> Data extract:
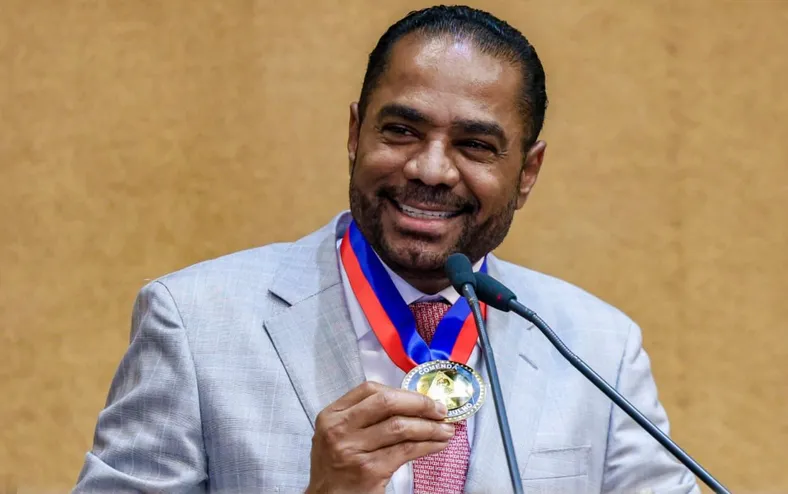 Márcio Marinho é condecorado com Comenda 2 de Julho na ALBA - Imagem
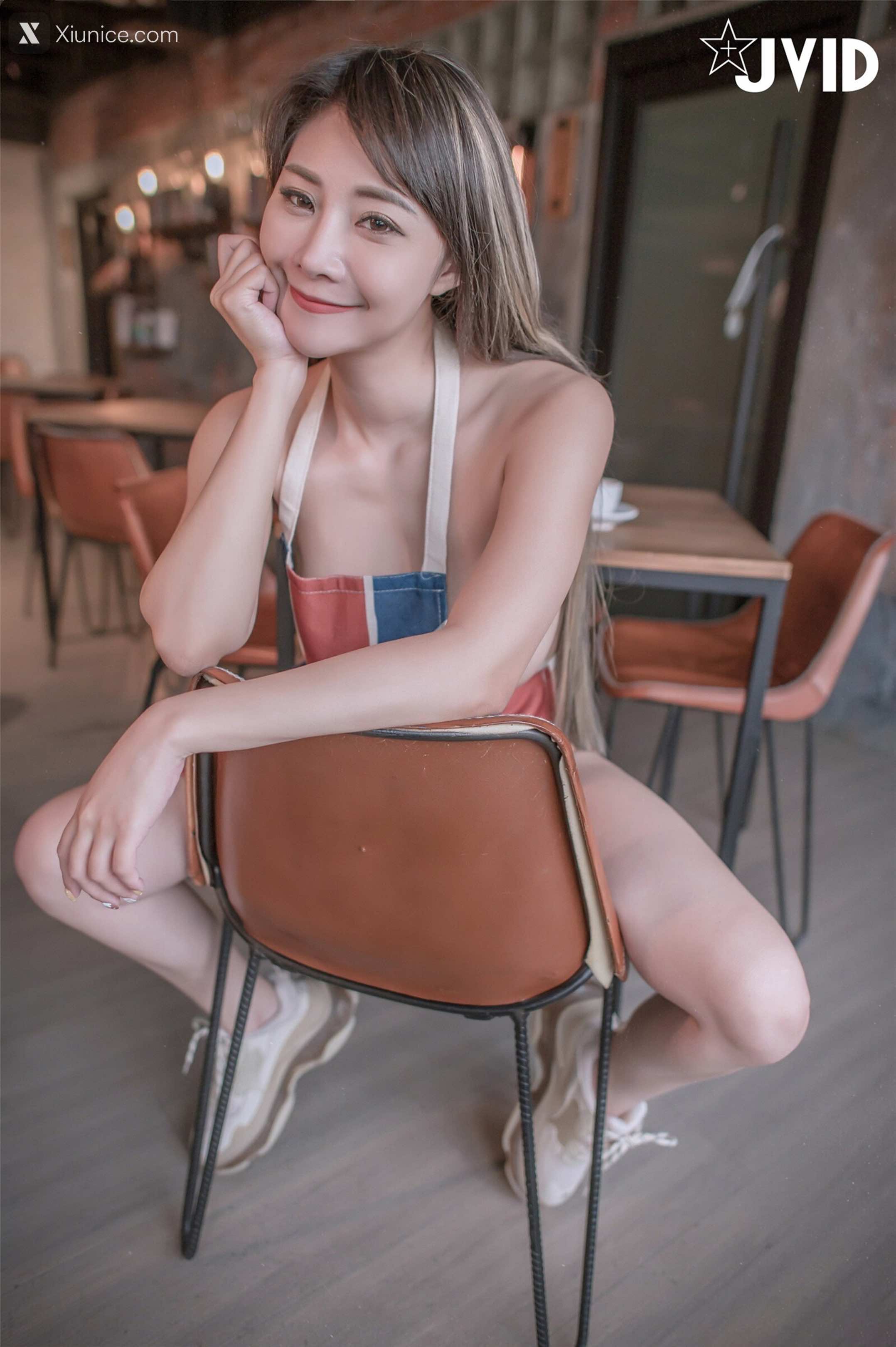 JVID Xiunice.com Lele 樂樂 Lonely Traveler Cafe 92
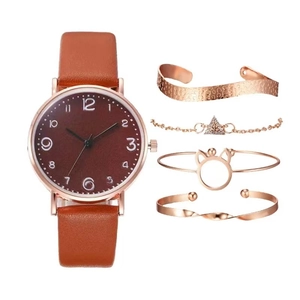 Montre élégante en or rose avec bracelet en cuir marron et quatre bracelets assortis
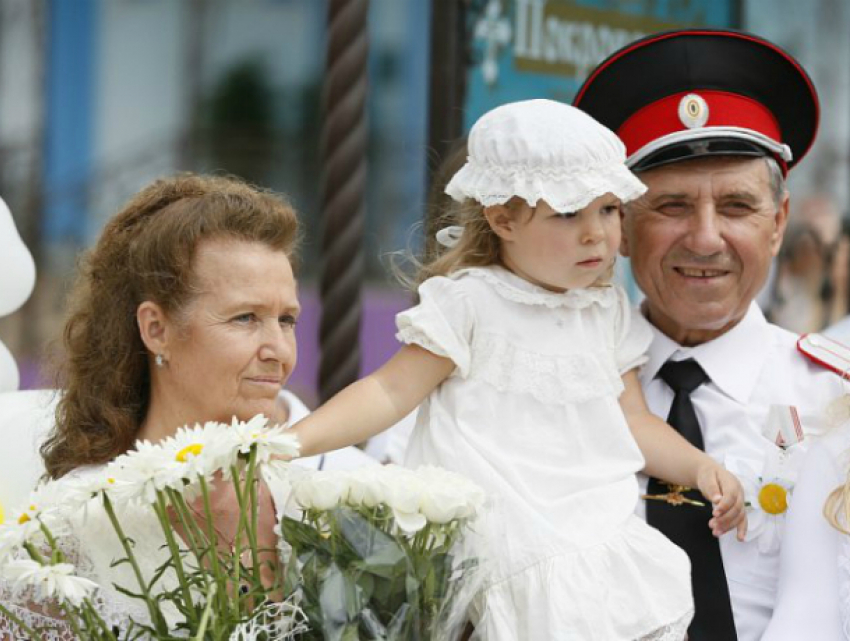 В Краснодаре ко Дню семьи, любви и верности подготовили пышную программу празднования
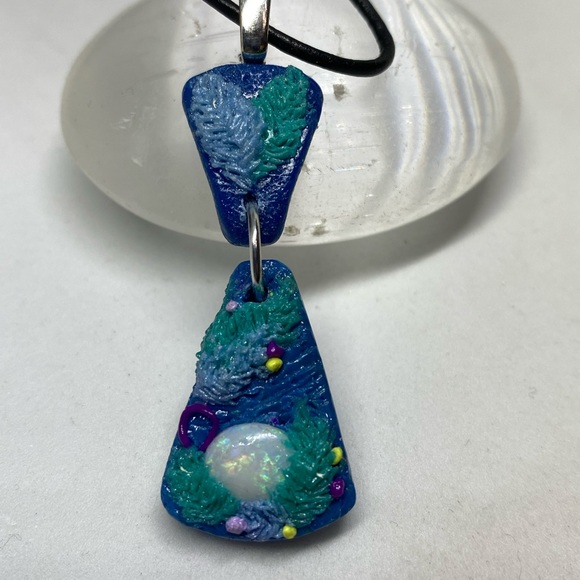 Handmade necklace - Picture 2 of 4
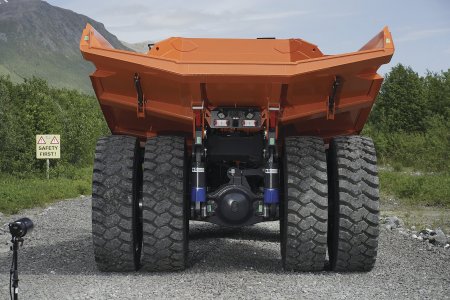 Kloubový dampr Doosan DA45-7 4×4 je rozpoznatelný podle zadní dvojmontáže kol.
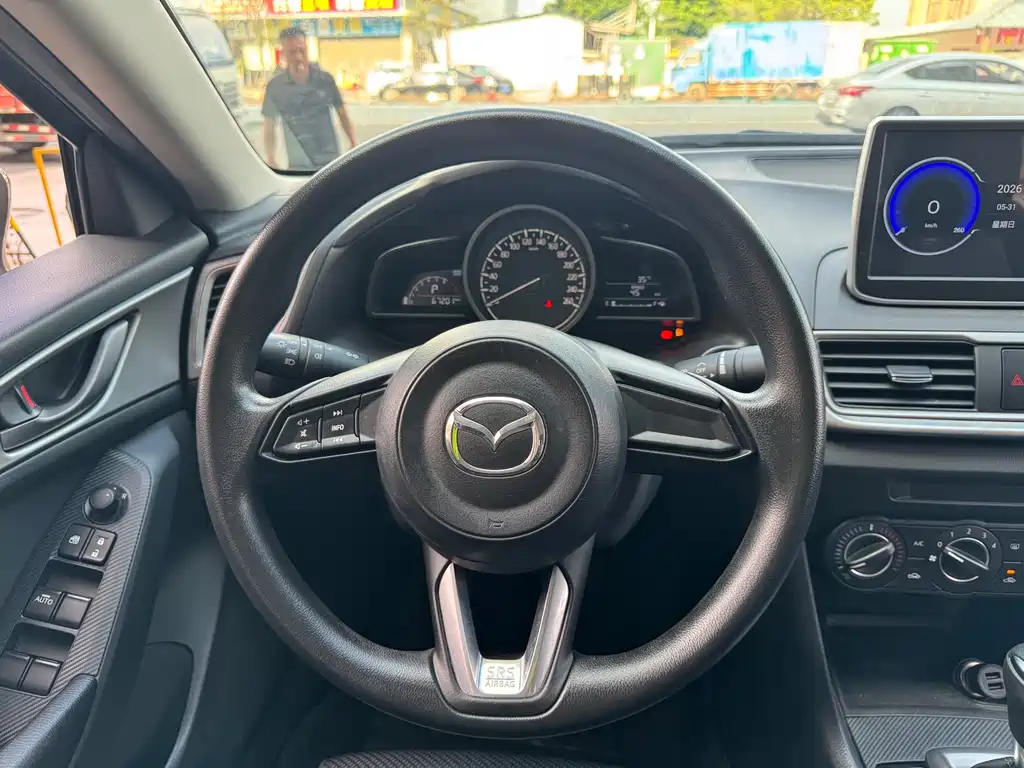 Mazda 3 Axela 2019 — фото 8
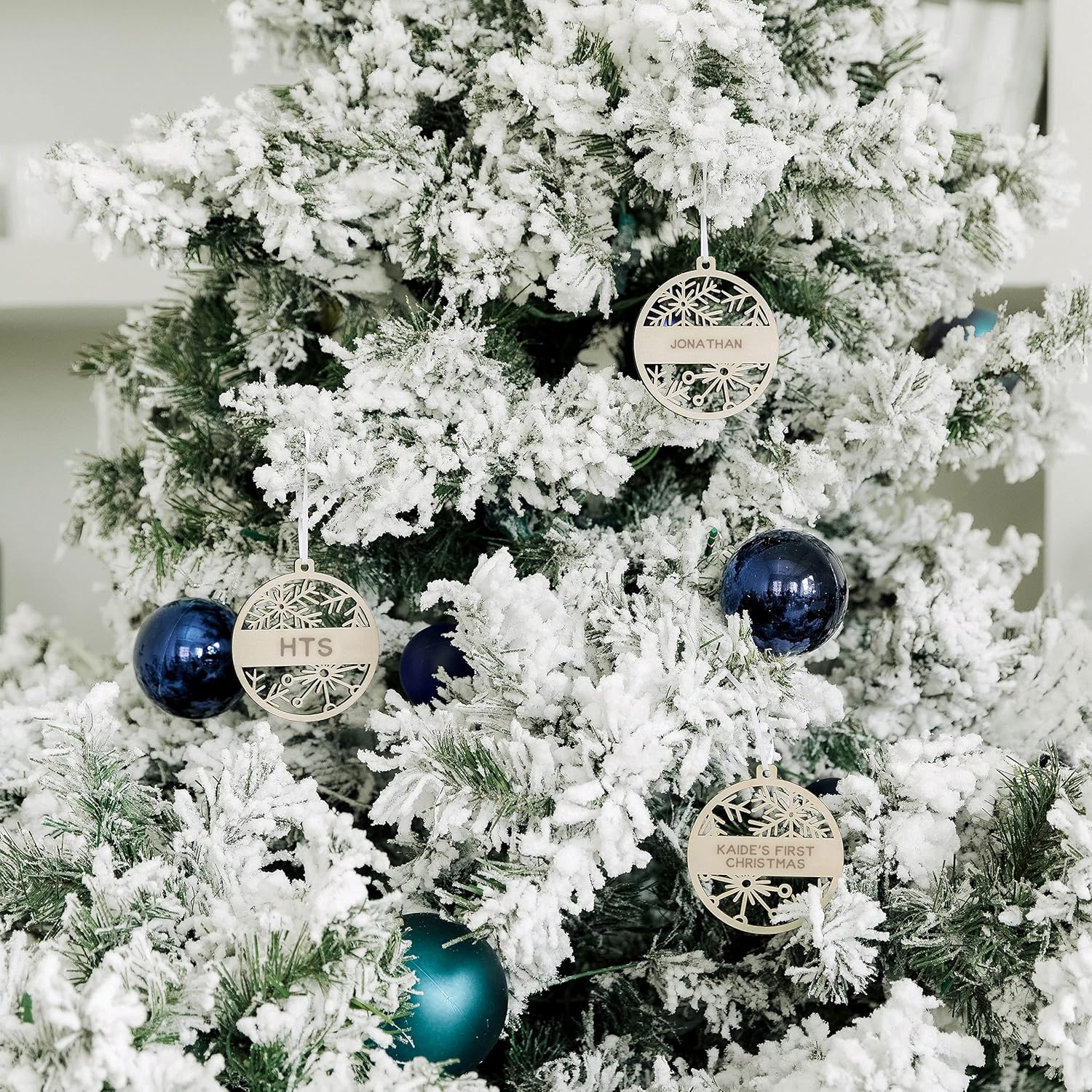 Weddingstar Adorno personalizable para árbol de Navidad con copo de nieve de madera grabado, apellido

> Your assignment:
Could you write out exactly the lines running from the one with "В Краснодаре ко" through the last line of the data above, both ends kept, and omit any picture?

> Response:
 В Краснодаре ко Дню семьи, любви и верности подготовили пышную программу празднования
 Handmade necklace - Picture 2 of 4
 Kloubový dampr Doosan DA45-7 4×4 je rozpoznatelný podle zadní dvojmontáže kol.
 Mazda 3 Axela 2019 — фото 8
 Weddingstar Adorno personalizable para árbol de Navidad con copo de nieve de madera grabado, apellido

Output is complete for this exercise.